+++ Given data +++

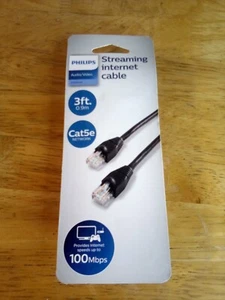 Philips Cat 5e Ethernet Streaming Internet Cable - 3ft Audio Video  - Picture 1 of 2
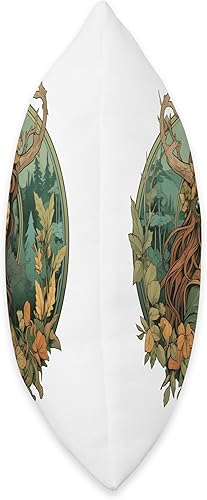 Miniatura 2 de UNREAL WORKSHOPS Art Nouveau - Almohada de juego de rol, druida, aventurera, vagabundo, naturaleza, 16 x 16 pulgadas, multicolor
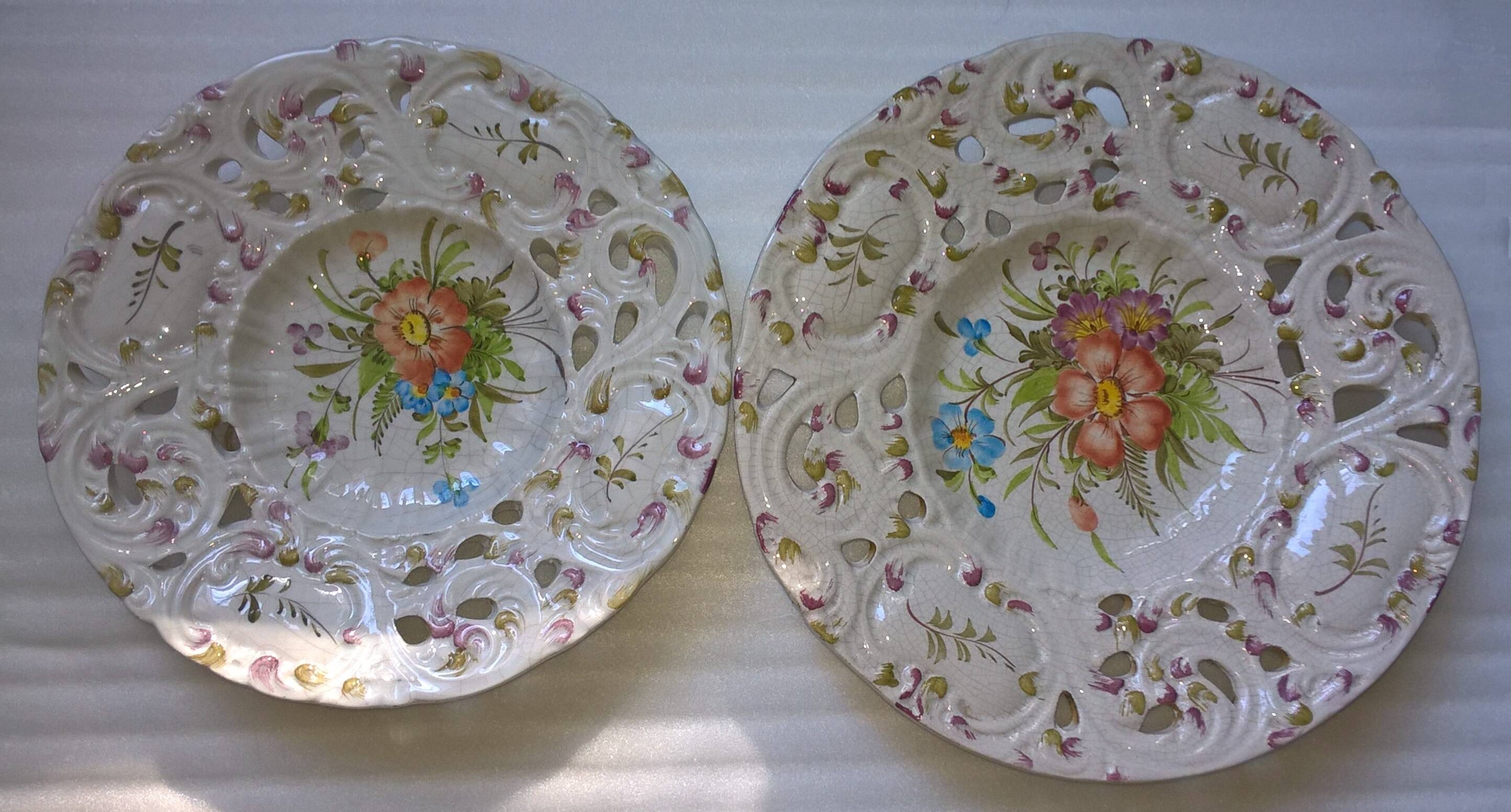 Boch & freres (b&f) plates openwork cracked ceramic vintage floral pattern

+++

= Work to complete =
Transcribe exactly, with no pictures, the lines running from the first line of the material through the line holding "Miniatura 2 de".

= Written response =
 Philips Cat 5e Ethernet Streaming Internet Cable - 3ft Audio Video  - Picture 1 of 2
 Miniatura 2 de UNREAL WORKSHOPS Art Nouveau - Almohada de juego de rol, druida, aventurera, vagabundo, naturaleza, 16 x 16 pulgadas, multicolor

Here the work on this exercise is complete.